Mr. Mutinda criticised the rubber – stamped part of the beginning of the proceedings in the original lower court saying that it means that the Learned Trial Magistrate did not himself write that part down. The case of:
MUTAVA KATUMA & ANR V. R.
MKS CR.A. 50, 51 of 1998 which although touching on S.207 Criminal Procedure Code is distinguishable here. In those two consolidated appeals the pleas of guilty were definitely way out of S.207 Criminal Procedure Code in that even facts were not reproduced. The case of
JOSEPH MUSYOKA MUSAU VS. R
MKS CR. A. 118/2000
was also cited but without much help here because there the Learned Trial Magistrate was criticised for not rejecting a charge that did not contain unlawfulness in its particulars for a charge under S.145 (i) Penal Code. Mr. Mutinda further told this court that as per the case of NILSON VS. R [1970] EA 602 the lower court did not inquire into the background of the appellant. That if it had done so it could have emerged that she was a mother of two with an insane husband, who was also charged with the same subject in a separate case. The punch line of the NILSSON case was that on a plea of guilty the trial court should reflect the same in the sentence. The Learned State Counsel was of the view that the plea of guilty was properly taken and that the conviction was in order. That the sentence need not be varied. It was lawful.

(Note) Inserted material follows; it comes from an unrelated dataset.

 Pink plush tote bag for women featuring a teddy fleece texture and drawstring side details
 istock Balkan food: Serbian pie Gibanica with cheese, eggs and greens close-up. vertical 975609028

From the record, this court is not minded to hold that the plea was not unequivocal. At least Mr. Mutinda did not quarrel much with it on this account. Interpretation was in English Kikamba. Although the part regarding reading and explaining the charge was omitted in the typed record, the answer was recorded. Facts were narrated to the effect that the appellant was found with 60 rolls not in medical preparation. She admitted the facts, she was convicted and the prosecution said that even if the appellant would be treated as a first offender the quantity of the bhang was large. In mitigation the appellant said:
“I have been selling bhang because I have many children to look after including my sisters who is deceased.”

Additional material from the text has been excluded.